Cafés and Coffee
Source: Picturesque Palestine, vol. 1, p. 33.
A Street Café, Jerusalem
From David Street a turning towards the north, called Christian Street, leads to the Church of the Holy Sepulchre, and here there are a few European shops, kept by Maltese, Italians, and Germans, in the midst of the truly Oriental barbers, pipe-makers, bakers’ shops, and cafes. A good example of one of the less important street cafes is shown [in the illustration]. All that is absolutely necessary is a nook in which a fire can be made for the preparation of pipes and coffee, a supply of coffee cups, narghilehs, and long pipes, and a few rush seats; but the proprietor adds greatly to the attractions of his establishment if he can supply a board for the game called dameh, at which a Bedouin and a peasant are represented playing in the illustration. In the evening a story-teller or a singer may generally be found here entertaining a group of smokers. (Source: Picturesque Palestine, vol. 1, p. 36.)
Musician in Café
Source: Jerusalem, Bethany, and Bethlehem, p. 71.
Another phase of Jerusalem life one occasionally meets with. I have encountered it more frequently, however, in Damascus and Cairo. Passing along the street, the sound of music—or at least what Orientals call music—is heard from an open café. Entering, we see a man, generally in the costume of a desert Arab, with flowing kerchief over his head, bound by a double fillet of camel’s hair, squatting on the ground, and playing with a rude bow on an instrument which, in simplicity of design and rudeness of workmanship, might be the counterpart of that which David played before Saul. The notes are somewhat metallic, but not altogether unpleasant, and they are generally accompanied by a slow nasal chant one might mistake for a funeral dirge. Yet the natives of all classes enjoy it, and listen with rapt attention, as if it were the perfection of harmony and the master-piece of a musical genius. (Source: Jerusalem, Bethany, and Bethlehem, p. 71.)

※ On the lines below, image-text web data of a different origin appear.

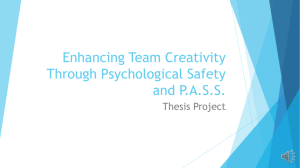 Enhancing Team Creativity Through Psychological Safety and P.A.S.S.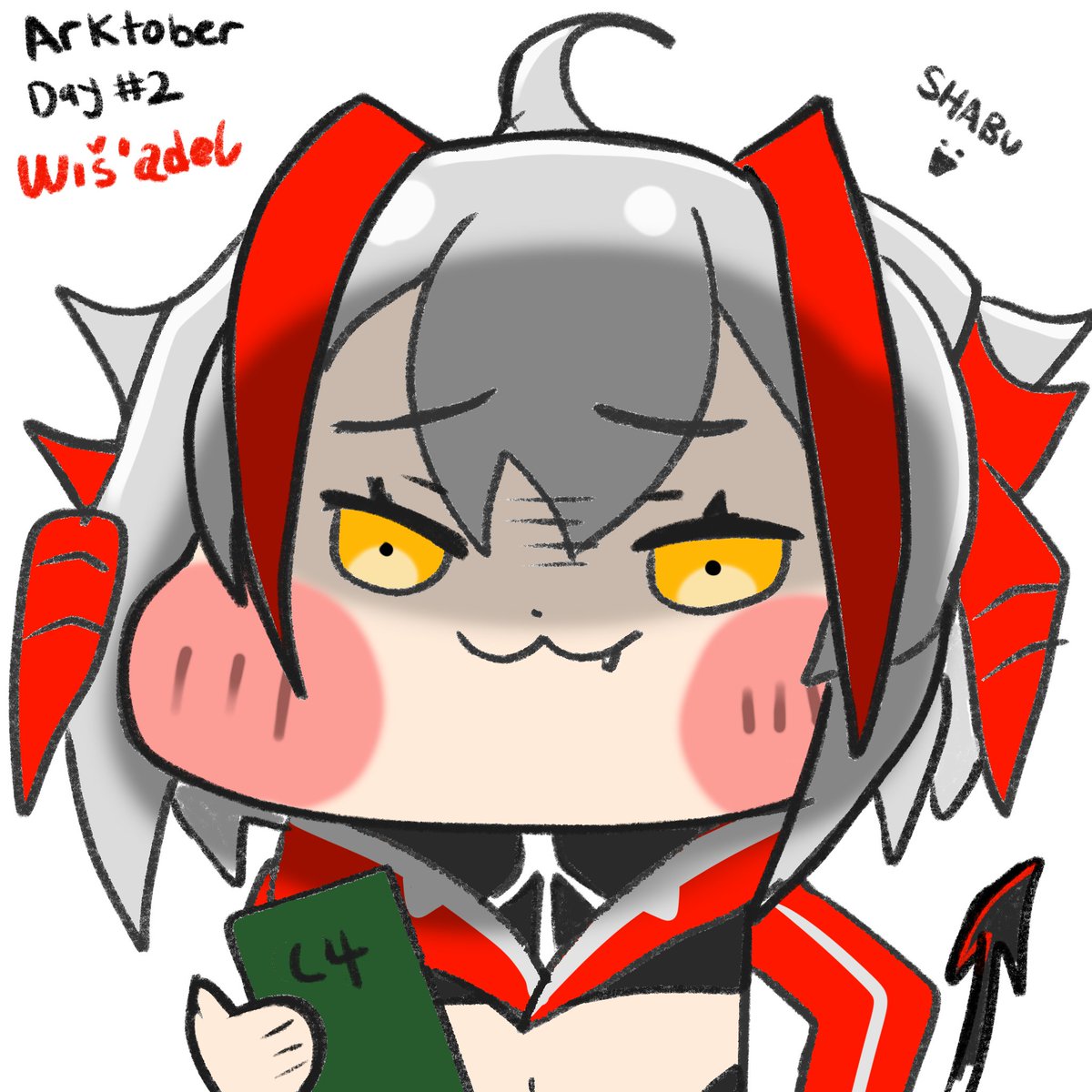 PapuShabushai's tweet photo. #inktober #arktober #arknights  

Day 2 doodle - Wiš'adel

My favorite exploding gremlin! 

https://t.co/3PwrgKDvZT https://t.co/LjknOhXlJb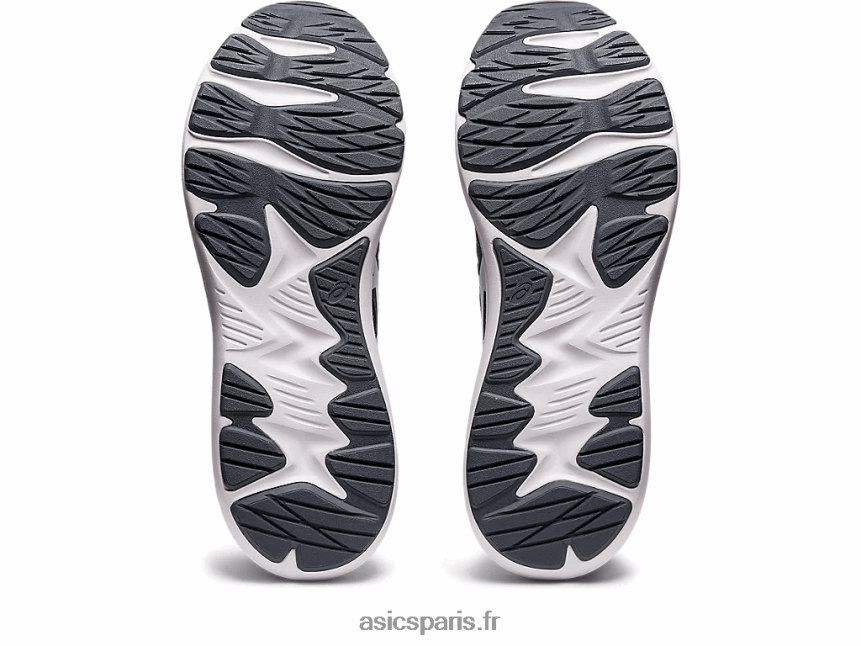 Hommes Asics secousse 4 extra large BXL8B2475 métropole/blanc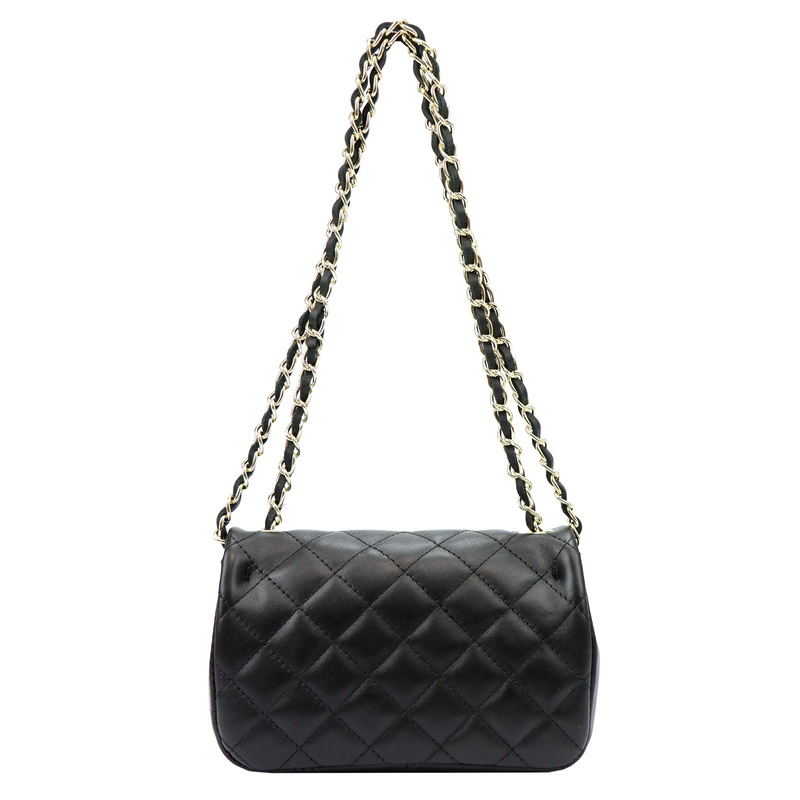 Vera Pelle damska listonoszka skóra naturalna pikowana stylowa torebka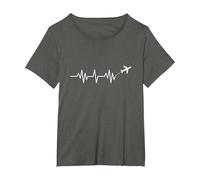 Viajar Latido del corazón Aventura Viajero Regalo de Viaje Camiseta, Mujer Tallas Grandes, Asfalto, 2XL Grande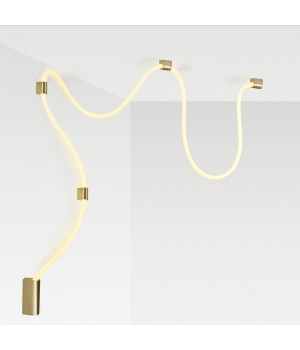 4397/30CL HIGHTECH ODL23 100 ант.бронза/металл/канат Настенно-потолочный светильник накладной (3 крепления в комплекте) IP20 LED 30W 1185Лм 3000K CORD-foto4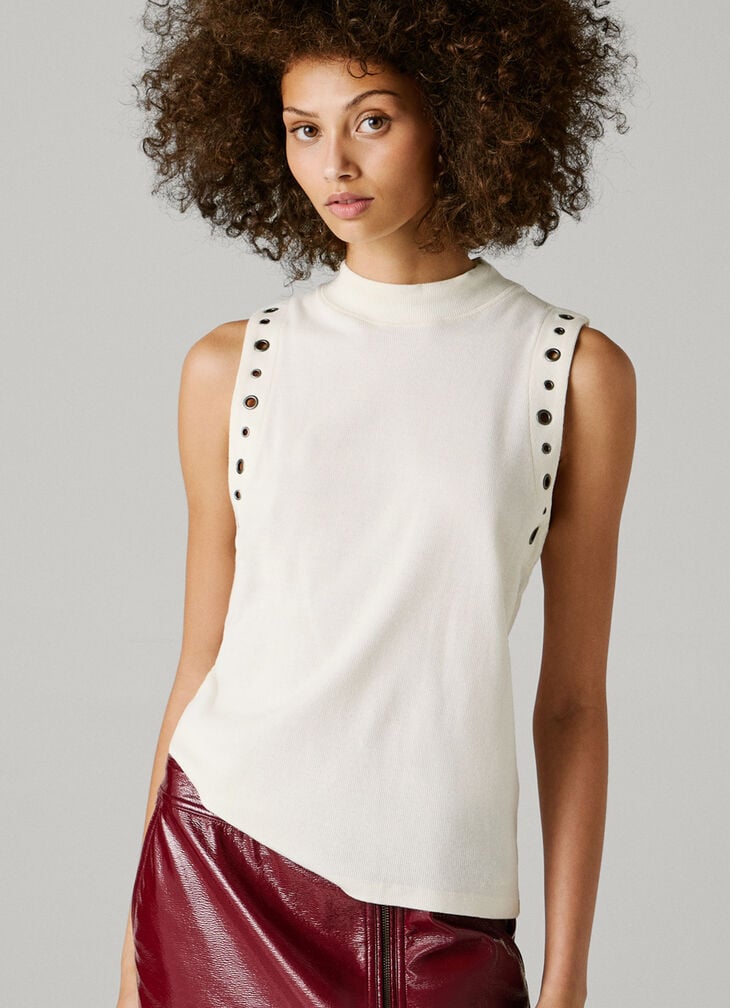 Pepe Jeans sleeveless ribbed top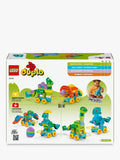 LEGO DUPLO 3-in-1 dinosaurs on wheels 108 pieces - British product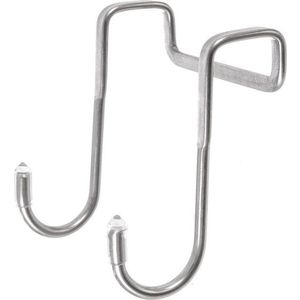 Závěsné háčky v sadě 2 ks nerezové ve stříbrné barvě – Orion obraz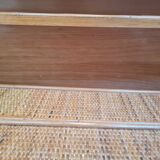Rattan chest of drawers circa 1970, Dal Vera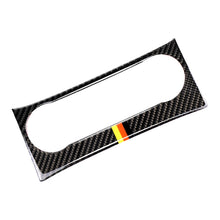 Load image into Gallery viewer, Car German Flag Carbon Fiber Air Conditioning Knob Control Panel Decorative Sticker for Mercedes-Benz W204 C Class 2011-2013, Air Conditioning Knob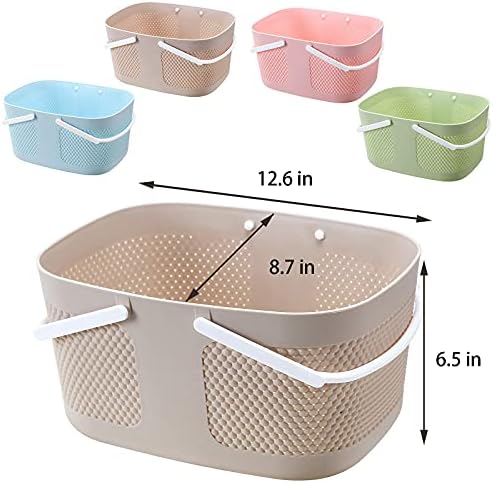 Portable Plastic Shower Caddy Basket Organizer - Image 5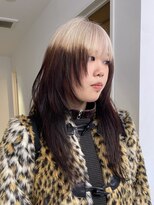 ナループロアツム(Nalu pu loa Tsum)&nbsp;レイヤーカット/ルーツカラー/デザインカラー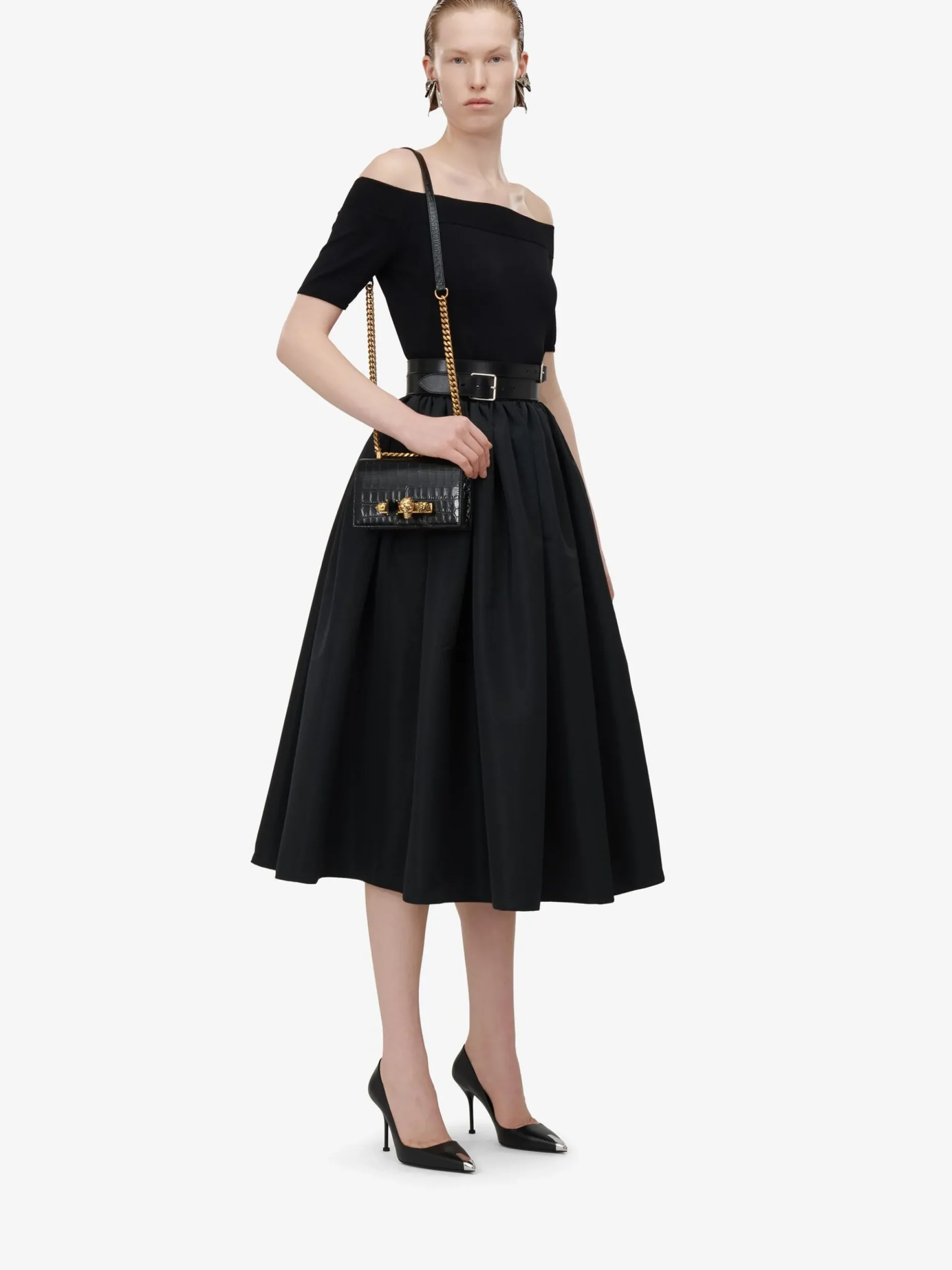 Women's Mini Jewelled Satchel in >Alexander McQueen Cheap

Source: Earthly Footsteps of the Man of Galilee, p. 291.
Coffee Garden, Abana River
Coffee is the national drink of the Moslems as beer is of the Germans, wine of the French and pulque of the Mexicans. Let us visit an oriental coffee garden. This view is within the walls of Damascus. Here groups of natives will always be found in the afternoon sipping from small cups of black coffee and smoking either cigarettes or nargileh pipes. The city is filled with coffee gardens, which are shaded by beautiful trees and adorned by flowering shrubs. Large rose-bushes grow in all of them, and from these gardens the roses are taken which make the famous attar of roses. In daylight these gardens have a half wretched look, but at night they are like scenes of the Arabian Nights. One writer says: "A hundred miniature lamps of every form and color glimmer among the branches of trees above fountains and long balustrades reflected in the river below. Turbaned heads and venerable beards loom dimly through clouds of smoke; and here probably on some elevated branch a story-teller is perched reciting, as an oriental only can recite, one of the tales of Antar, or some legend equally ancient, to a crowd of eager listeners." (Source: Earthly Footsteps of the Man of Galilee, p. 291.)
Coffee Garden, Damascus
Source: Earthly Footsteps of the Man of Galilee, p. 296.
This is a scene taken by our artist in another of the numerous coffee gardens of Damascus. . . . We have here a specimen of the nargileh, of which we speak so often. Through its amber mouthpiece the smoke passes into the mouth from a cup on the top, where the tobacco is lighted by a coal of fire, through the perfumed water in the bulb below, and is very palatable. . . . Refreshments in Damascus are not confined to cafes and gardens, numerous as these places are in the city. In these places one hears oriental music-- curious instruments, bursts of song, a violin, flutes, tambourine, kettle-drum, a harp, and sometimes castinets are added. But these people know nothing of harmony. . . . One would suppose from the number of cafes that the people do little else than smoke and drink. In truth, a large part of their time is spent in this way. Every house or shop is a sort of drinking place. Upon entering a carpet or silk shop one of the first questions the proprietor asks the customer is if he will have coffee. Until coffee is brought and served no attempt is made to strike a bargain. (Source: Earthly Footsteps of the Man of Galilee, pp. 296-97.)